Each line below with the string "Show" should be copied.

§ **Data for review**:

====

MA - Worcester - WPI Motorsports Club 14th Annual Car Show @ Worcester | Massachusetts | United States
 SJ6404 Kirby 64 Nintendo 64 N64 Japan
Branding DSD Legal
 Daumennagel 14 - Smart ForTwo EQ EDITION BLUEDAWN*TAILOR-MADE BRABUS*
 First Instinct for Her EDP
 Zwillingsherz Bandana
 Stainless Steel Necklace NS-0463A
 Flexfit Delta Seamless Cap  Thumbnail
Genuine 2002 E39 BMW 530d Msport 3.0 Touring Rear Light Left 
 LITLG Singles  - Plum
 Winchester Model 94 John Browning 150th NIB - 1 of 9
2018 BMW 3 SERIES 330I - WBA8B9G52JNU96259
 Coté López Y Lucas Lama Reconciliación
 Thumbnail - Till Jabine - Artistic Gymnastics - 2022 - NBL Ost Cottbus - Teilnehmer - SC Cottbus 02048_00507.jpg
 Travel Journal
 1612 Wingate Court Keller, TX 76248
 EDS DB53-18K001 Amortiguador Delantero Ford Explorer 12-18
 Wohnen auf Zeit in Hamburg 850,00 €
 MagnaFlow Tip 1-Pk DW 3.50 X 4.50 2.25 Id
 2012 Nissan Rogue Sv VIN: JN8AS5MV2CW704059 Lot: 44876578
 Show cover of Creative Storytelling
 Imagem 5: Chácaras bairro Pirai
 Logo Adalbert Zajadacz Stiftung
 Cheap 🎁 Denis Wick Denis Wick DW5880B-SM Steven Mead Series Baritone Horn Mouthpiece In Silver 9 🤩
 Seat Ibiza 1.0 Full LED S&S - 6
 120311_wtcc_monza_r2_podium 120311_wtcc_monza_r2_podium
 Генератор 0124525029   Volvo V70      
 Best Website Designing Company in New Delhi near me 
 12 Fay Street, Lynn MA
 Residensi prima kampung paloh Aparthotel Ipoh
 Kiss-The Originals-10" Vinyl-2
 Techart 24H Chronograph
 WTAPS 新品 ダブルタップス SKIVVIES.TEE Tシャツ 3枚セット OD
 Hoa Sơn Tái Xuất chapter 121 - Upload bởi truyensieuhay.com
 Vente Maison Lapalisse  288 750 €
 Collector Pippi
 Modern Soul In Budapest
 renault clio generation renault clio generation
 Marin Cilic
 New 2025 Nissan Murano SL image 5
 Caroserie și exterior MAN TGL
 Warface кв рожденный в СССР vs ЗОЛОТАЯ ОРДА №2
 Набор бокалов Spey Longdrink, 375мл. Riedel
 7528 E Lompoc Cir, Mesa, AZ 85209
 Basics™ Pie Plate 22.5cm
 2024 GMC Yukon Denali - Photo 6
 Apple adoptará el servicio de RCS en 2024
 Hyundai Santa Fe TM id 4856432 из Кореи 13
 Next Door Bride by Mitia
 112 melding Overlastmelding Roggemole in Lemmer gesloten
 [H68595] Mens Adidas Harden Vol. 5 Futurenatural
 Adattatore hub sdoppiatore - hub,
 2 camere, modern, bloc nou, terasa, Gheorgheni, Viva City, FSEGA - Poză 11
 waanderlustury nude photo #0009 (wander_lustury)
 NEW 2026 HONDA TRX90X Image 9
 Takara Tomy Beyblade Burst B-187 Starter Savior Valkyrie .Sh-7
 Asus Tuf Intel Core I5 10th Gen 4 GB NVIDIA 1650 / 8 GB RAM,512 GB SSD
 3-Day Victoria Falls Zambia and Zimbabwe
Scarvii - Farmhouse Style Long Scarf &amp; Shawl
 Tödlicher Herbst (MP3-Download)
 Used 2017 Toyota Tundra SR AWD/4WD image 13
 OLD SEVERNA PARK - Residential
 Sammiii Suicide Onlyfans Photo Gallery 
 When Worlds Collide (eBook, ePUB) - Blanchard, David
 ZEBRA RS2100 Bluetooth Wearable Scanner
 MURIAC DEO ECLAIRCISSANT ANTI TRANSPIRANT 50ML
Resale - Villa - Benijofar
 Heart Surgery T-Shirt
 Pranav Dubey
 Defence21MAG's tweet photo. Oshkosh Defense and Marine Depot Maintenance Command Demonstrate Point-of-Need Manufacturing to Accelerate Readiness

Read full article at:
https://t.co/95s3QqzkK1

====

§ **Exercise answer**:
MA - Worcester - WPI Motorsports Club 14th Annual Car Show @ Worcester | Massachusetts | United States
 Show cover of Creative Storytelling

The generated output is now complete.